Kalah Saing dengan Perguruan Tinggi Swasta, Rektor UB Jamin Kesejahteraan Peneliti untuk Tingkatkan Kualitas Riset
Rektor Universitas Brawijaya (UB), Prof Widodo, mengungkapkan bahwa kualitas riset di kampusnya masih kalah saing dengan perguruan tinggi swasta. Meskipun dana penelitian yang tersedia di UB terbilang cukup besar dan fasilitas lab yang ada juga nggak jelek-jelek banget, itu bukan faktor utama yang jadi masalah. “Faktanya, riset kami kualitasnya masih kalah sama universitas swasta. Apakah dana penelitian kami lebih kecil? Enggak juga. Apakah kualitas lab kami lebih jelek? Enggak juga,” kata Prof Widodo, Selasa (19/11/2024).
Menurutnya, yang perlu dibenahi adalah budaya dan cara berpikir. Dia memberi contoh salah satu laboratorium di Taiwan yang meskipun ruangannya sempit dan cuma ada kamera serta komputer, cara berpikir mereka luar biasa, jadi produktivitasnya juga tinggi. “Ini PR kita semua, gimana caranya kita juga bisa mentransformasi budaya dan kreativitas kita,” tambahnya. “Jangan cuma sekadar urusan administrasi, yang selesai dengan komputer doang,” ujarnya.
Saat ini, UB tengah berusaha melakukan berbagai langkah strategis untuk meningkatkan kualitas riset, salah satunya dengan mendorong kreativitas para peneliti dan menciptakan ekosistem riset yang lebih baik. “Ekosistem itu apa sih?

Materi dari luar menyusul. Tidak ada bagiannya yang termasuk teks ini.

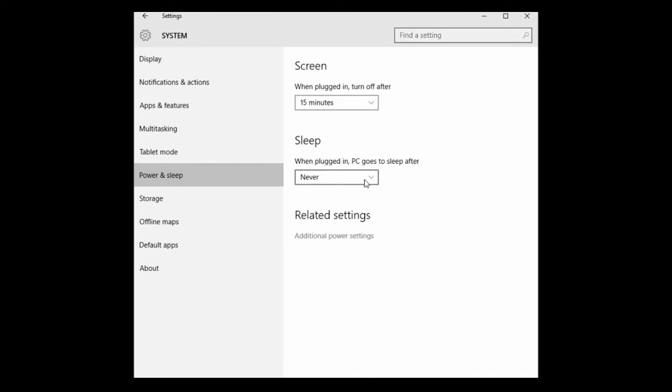And that's all there is to it, changing your power and sleep settings in Windows 10. Feel free to check out our website at microcenter.com. Check out the Tech Center for more articles and videos on Windows 10 and a variety of other topics.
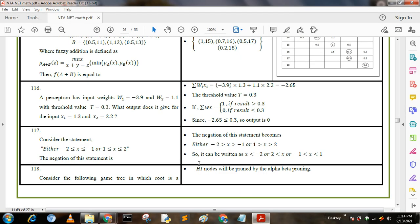Hello my dear friends, welcome to my YouTube channel. Today I am going to describe UGC NET Paper 2 compressions and applications remaining portions. In the previous video I have already described question numbers 1 through 115. This is the previous 10 years solutions.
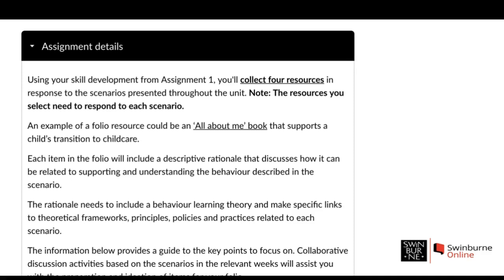The resources are in response to scenarios presented throughout the unit. The resources you select need to respond to each scenario. Each scenario involves a child with some sort of circumstances related to their behaviour, linked to the learning materials. You'll need to present ideas on the kind of resource that will help support that particular student to work through the behaviour and the problems they're having. We want students to find success in their ability to interact with others, develop social skills, and ultimately be successful in their schooling.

Ya, misalnya jenjang pangkat dosen terkait dengan penelitian, mahasiswa juga bisa dapet kredit dari penelitian, ada insentif, dan masih banyak lagi,” jelasnya.

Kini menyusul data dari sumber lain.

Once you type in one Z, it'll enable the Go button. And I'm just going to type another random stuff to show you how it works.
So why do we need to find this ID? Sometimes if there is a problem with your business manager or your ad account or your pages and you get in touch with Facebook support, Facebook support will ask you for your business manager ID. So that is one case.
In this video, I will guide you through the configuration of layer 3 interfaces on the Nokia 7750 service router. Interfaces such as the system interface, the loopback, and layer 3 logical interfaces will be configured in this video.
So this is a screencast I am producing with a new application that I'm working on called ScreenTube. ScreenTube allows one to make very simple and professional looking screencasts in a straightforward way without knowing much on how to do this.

Selain itu, Prof Widodo juga menekankan pentingnya perhatian terhadap kesejahteraan peneliti di UB. Tujuannya, agar mereka semakin bersemangat dalam menjalankan kegiatan risetnya. “Kami sangat memperhatikan para peneliti, yang punya prestasi kami kasih insentif, bonus, banyak banget bonusnya, bahkan mungkin paling banyak di Indonesia, yang kayak gini nggak ada di negara lain,” ujarnya.

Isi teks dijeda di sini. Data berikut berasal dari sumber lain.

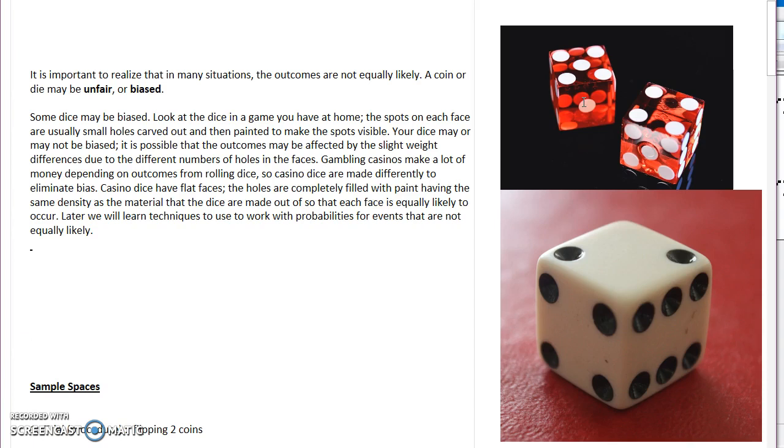Because if people at a casino could figure out one number would come up more than the other, they would be betting on one number all the time and the casino would be losing money. To ensure that that doesn't happen, they try to make these dice as fair or unbiased as possible.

UB juga sedang meningkatkan fasilitas yang ada, salah satunya dengan mengoperasikan gedung Tekno Entrepreneurship yang jadi pusat inovasi dan pengembangan kewirausahaan berbasis teknologi. Gedung ini punya tiga fasilitas utama: laboratorium riset terpadu (LRT), laboratorium layanan terpadu (LLT), dan Direktorat Inovasi dan Kawasan Sains Teknologi (DIKST). Laboratorium LLT ini juga terbuka untuk masyarakat umum dengan biaya layanan yang disesuaikan. Laboratorium ini diharapkan bisa mendukung industri masyarakat, seperti menguji produk makanan untuk higienitas atau melayani kalibrasi peralatan medis.
“Ini salah satu cara kami menciptakan ekosistem laboratorium yang berkelanjutan. Ada yang cari uang, ada juga yang menghabiskan uang,” tutup Prof Widodo.